Green Mars(62)
“It’s using science for a particular value. One I believe in.”
“As do the transnationals.”
“I guess.”
“It certainly helps them.”
“It helps everything alive.”
“Unless it kills them. The terrain is destabilized; there are landslides every day.”
“True.”
“And they kill. Plants, people. It’s happened already.”
Sax waggled a hand, and Ann jerked her head up to glare at him.
“What’s this, the necessary murder? What kind of value is that?”
“No, no. They’re accidents, Ann. People need to stay on bedrock, out of the slide zones, that kind of thing. For a while.”
“But vast regions will turn to mud, or be drowned entirely. We’re talking about half the planet.”
“The water will drain downhill. Create watersheds.”
“Drowned land, you mean. And a completely different planet. Oh, that’s a value all right! And the people who hold the value of Mars as it is . . . we will fight you, every step of the way.”
He sighed. “I wish you wouldn’t. At this point a biosphere would help us more than the transnationals. The transnats can operate from the tent cities, and mine the surface robotically, while we hide and concentrate most of our efforts on concealment and survival. If we could live everywhere on the surface, it would be a lot easier for all kinds of resistance.”
“All but Red resistance.”
“Yes, but what’s the point of that, now?”
“Mars. Just Mars. The place you’ve never known.”
Sax looked up at the white dome over them, feeling distress like a sudden attack of arthritis. It was useless to argue with her.

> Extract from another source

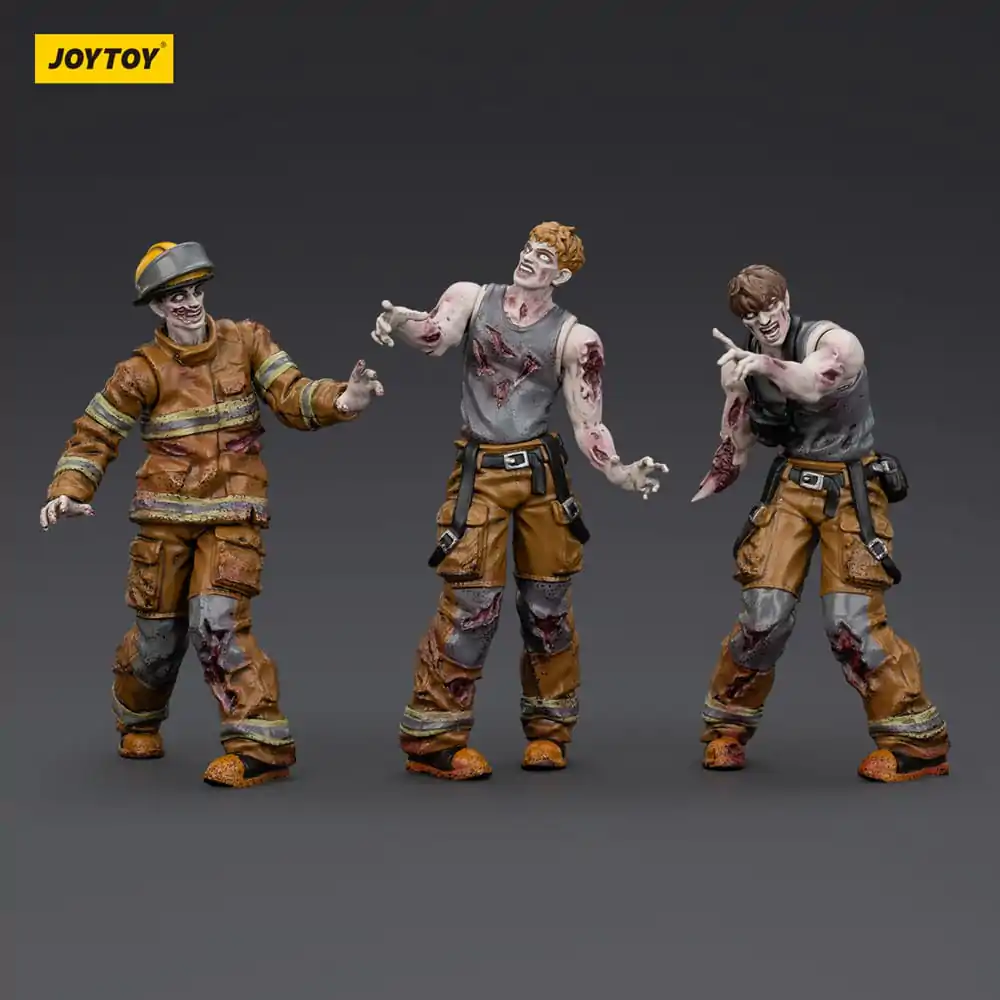 Zombie Dark Source Action Figures Set de 3 Figurine Pompieri 8 cm poza produsului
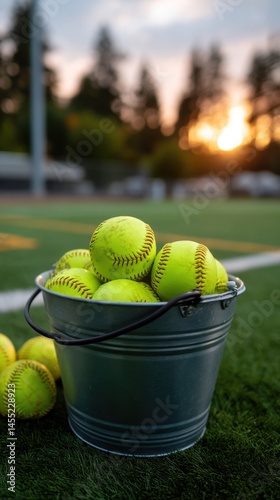 Bucket overflowing with bright yellow softballs resting on a green turf baseball field during golden hour.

But something in him made him keep trying. “Look, Ann, I’m an advocate of what people call the minimum viable model. It’s a model that calls for a breathable atmosphere only up to about the two- or three-kilometer contour. Above that the air would be kept too thin for humans, and there wouldn’t be much life of any kind— some high-altitude plants, and above that nothing, or nothing visible. The vertical relief on Mars is so extreme that there can be vast regions that will remain above the bulk of the atmosphere. It’s a plan that makes sense to me. It expresses a comprehensible set of values.”

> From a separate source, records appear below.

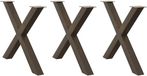 vidaXL Pieds de table 3 pièces forme X 90x(72-73) cm acier naturel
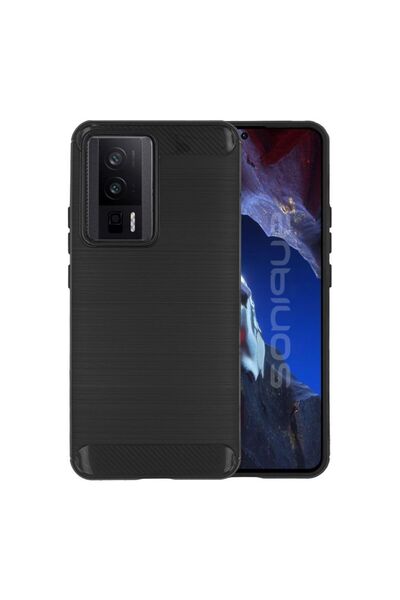 Sonique Θήκη Σιλικόνης Carbon Brushed Xiaomi Poco F5 Pro 5G Μαύρο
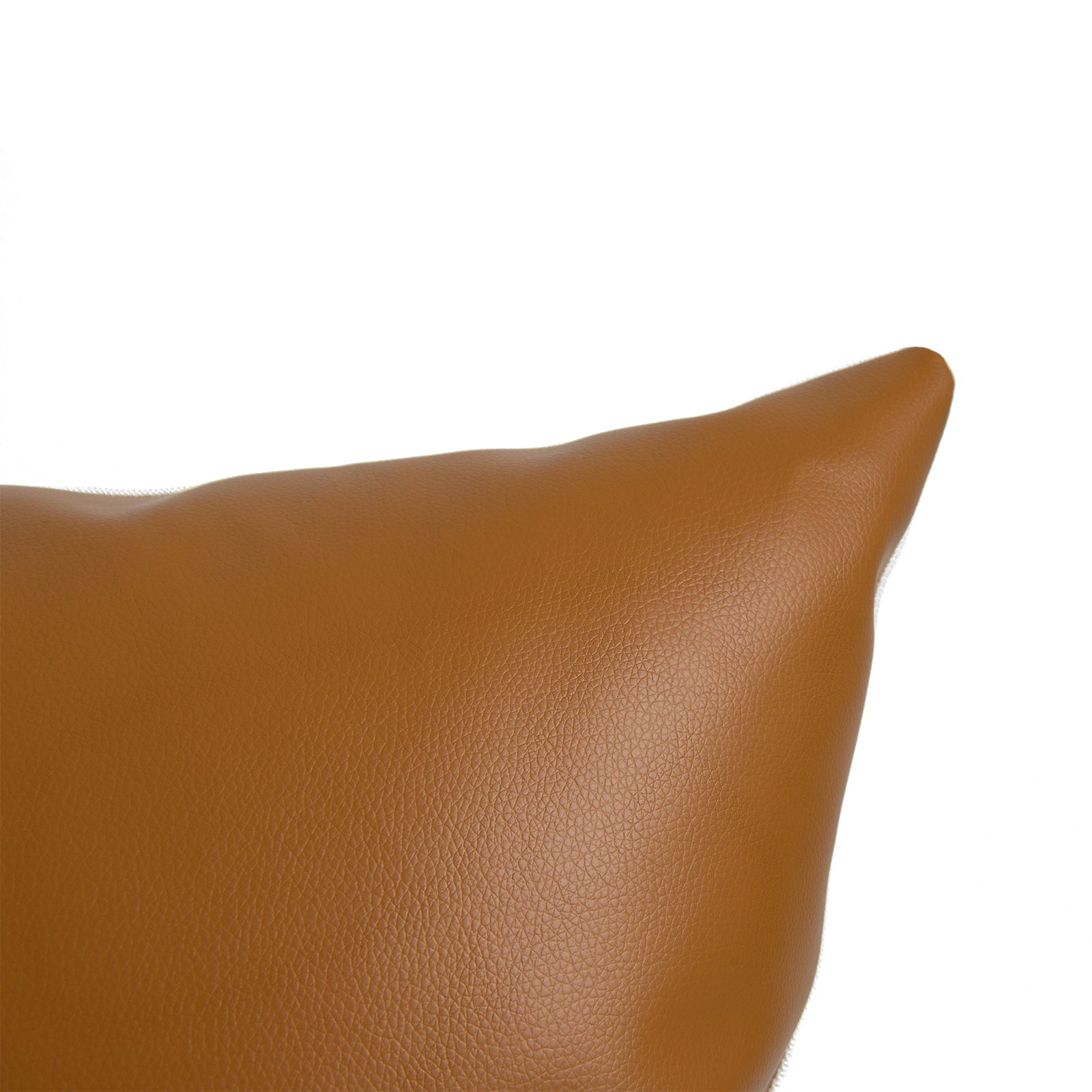 Faux Leather Lumbar Pillow Cover, Modern Design, Camel White, 12"x20"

She did not reply. It was distressing, it really was. Once, in an attempt to understand Ann, to be able to talk to her, he had done research in the philosophy of science. He had read a fair amount of material, concentrating particularly on the land ethic, and the fact-value interface. Alas, it had never proved to be of much help; in conversation with her, he had never seemed able to apply what he had learned in any useful manner. Now, looking down at her, feeling the ache in his joints, he recalled something that Kuhn had written about Priestley— that a scientist who continued to resist after his whole profession had been converted to a new paradigm might be perfectly logical and reasonable, but had ipso facto ceased to be a scientist. It seemed that something like this had happened to Ann, but what then was she now? A counterrevolutionary? A prophet?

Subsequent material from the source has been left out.